• TASK BRIEF: Retype each line below precisely and omit all images.

• DATASET CONTENT:
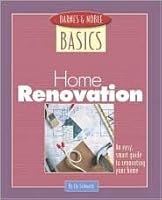 Barnes and Noble Basics Home Renovation 0760745056 Book Cover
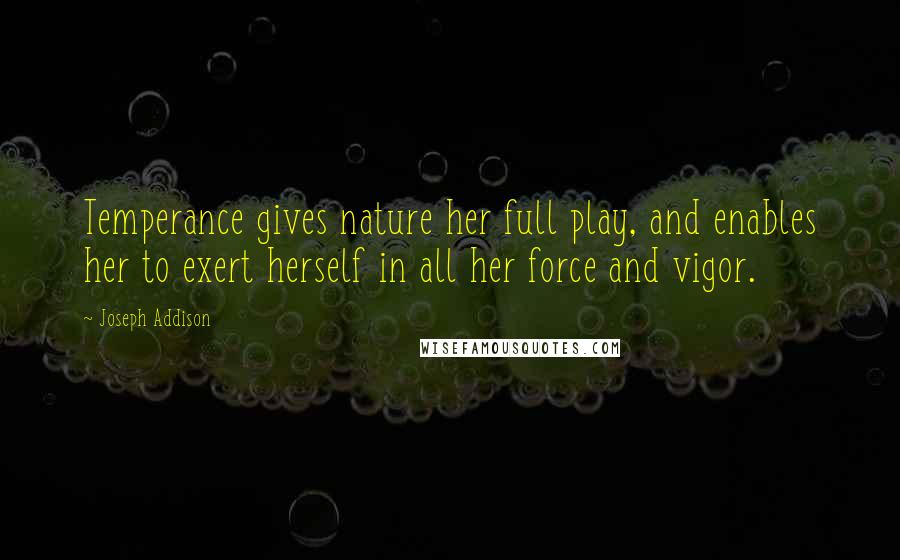 Joseph Addison Quotes: Temperance gives nature her full play, and enables her to exert herself in all her force and vigor.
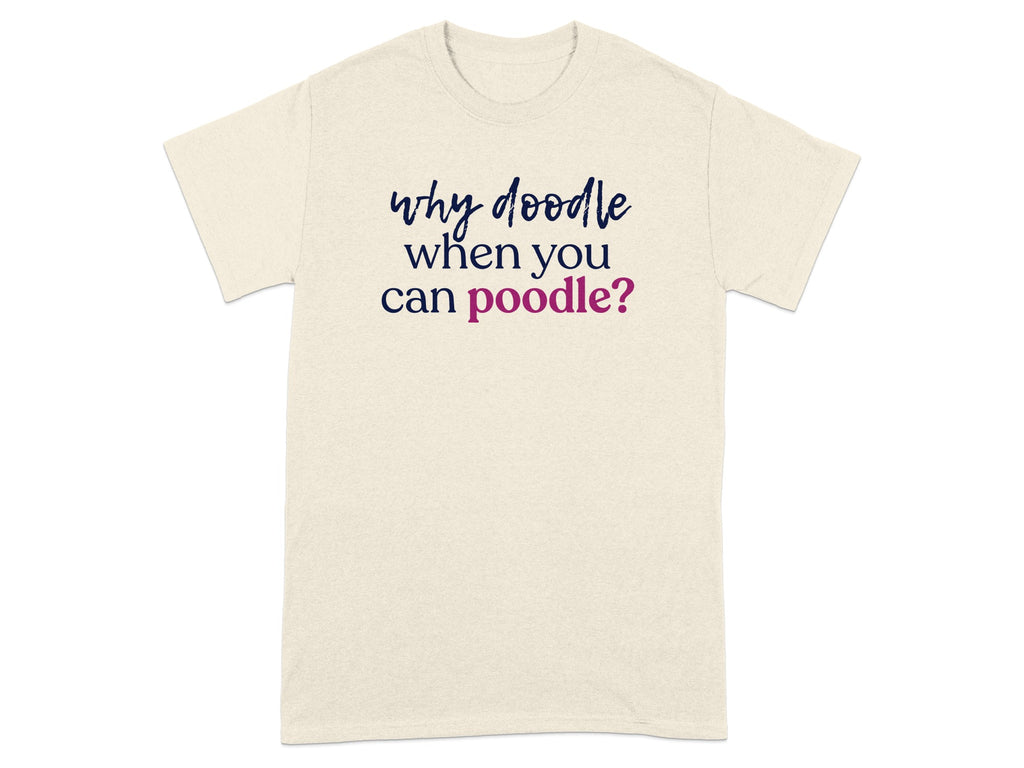 Beige t-shirt with text "why doodle when you can poodle?".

• SOLUTION FOR THIS EXERCISE:
 Barnes and Noble Basics Home Renovation 0760745056 Book Cover
 Joseph Addison Quotes: Temperance gives nature her full play, and enables her to exert herself in all her force and vigor.
 Beige t-shirt with text "why doodle when you can poodle?".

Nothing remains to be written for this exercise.